1. A work mat for supporting laboratory vessels, the work mat including a flexible planar panel having opposed sides, one side defining a base, and the other side defining a vessel support portion,each of the base and the vessel support portion are configured to allow releasably adhering the panel to another object, wherein the base is configured to adhere to another object more firmly than the vessel support portion such that, in use, the base is adherable to a surface and the support portion is adherable and removable from a laboratory vessel without detaching the base from the surface.

2. The work mat of claim 1, wherein the base defines a continuous planar surface, and the vessel support portion defines a discontinuous planar surface.

3. The work mat of claim 2, wherein the discontinuous planar surface is defined by a plurality of lands separated by grooves.

4. The work mat of claim 3, wherein the lands form elongate strips, the strips arranged to be parallel to each other.

5. The work mat of claim 2, wherein the discontinuous planar surface defines a surface area of less than or equal to 75% of the continuous planar surface.

6. The work mat of claim 5, wherein the discontinuous planar surface defines a surface area of less than or equal to 50% of the continuous planar surface.

7. The work mat of claim 1, wherein the panel is formed from a resiliently deformable polymer.

8. The work mat of claim 7, wherein the panel is formed from a polyurethane elastomer.
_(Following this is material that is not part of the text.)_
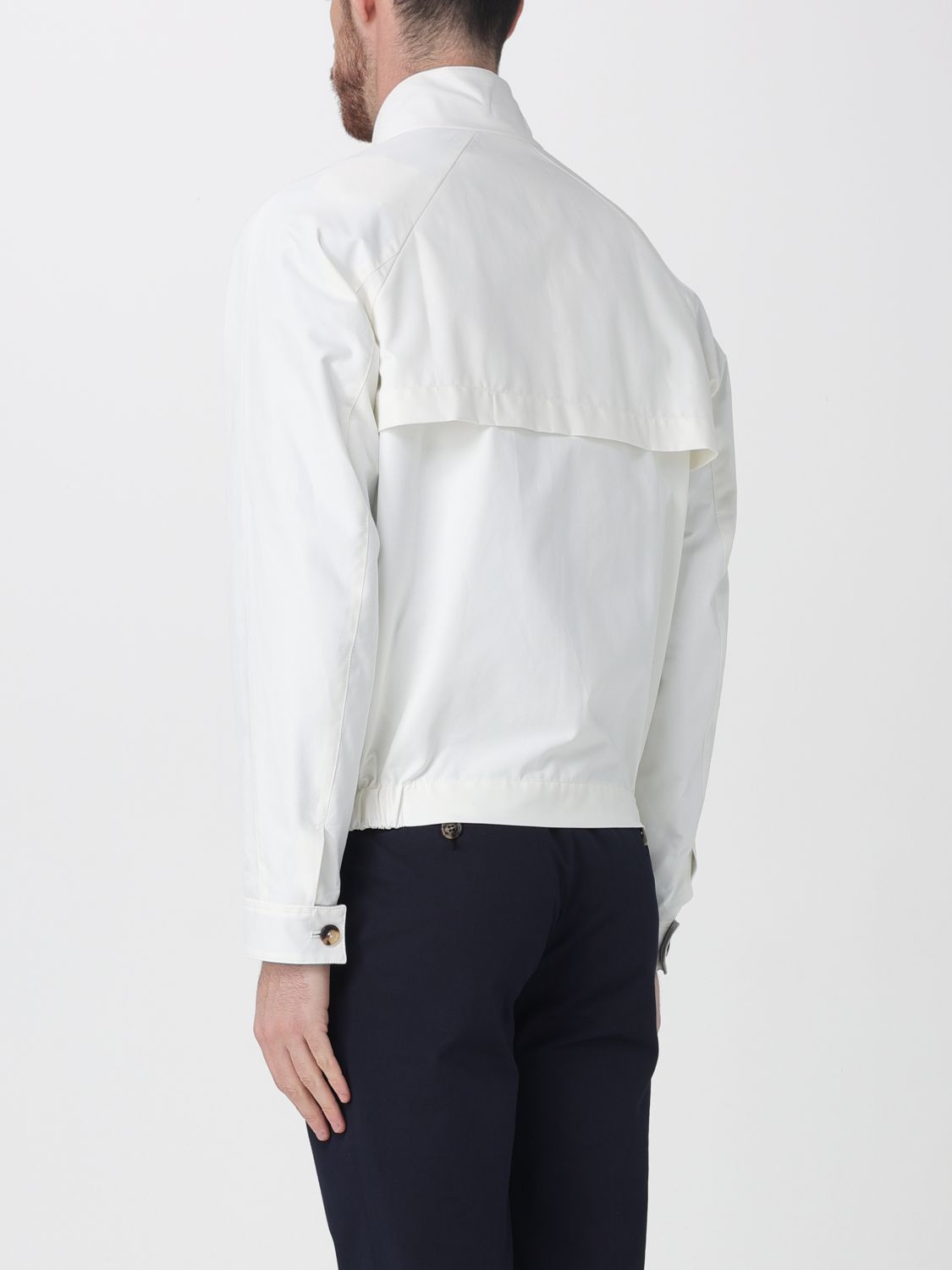 Jacket Men color White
9. The work mat of claim 1, wherein the panel comprises a first layer formed from a first material and defining the base, and a second layer formed from a second material and defining the vessel support portion, the first material being different to the second material to cause firmer adhesion to another object.

10. The work mat of claim 1, wherein each of the base and the vessel support portion are configured to be tacky.

11. A work mat system including a plurality of work mat modules according to claim 1, where the modules are securable adjacent to each other on a surface to cover at least a portion of the surface.

12. The work mat system of claim 11, wherein each of the modules are identical.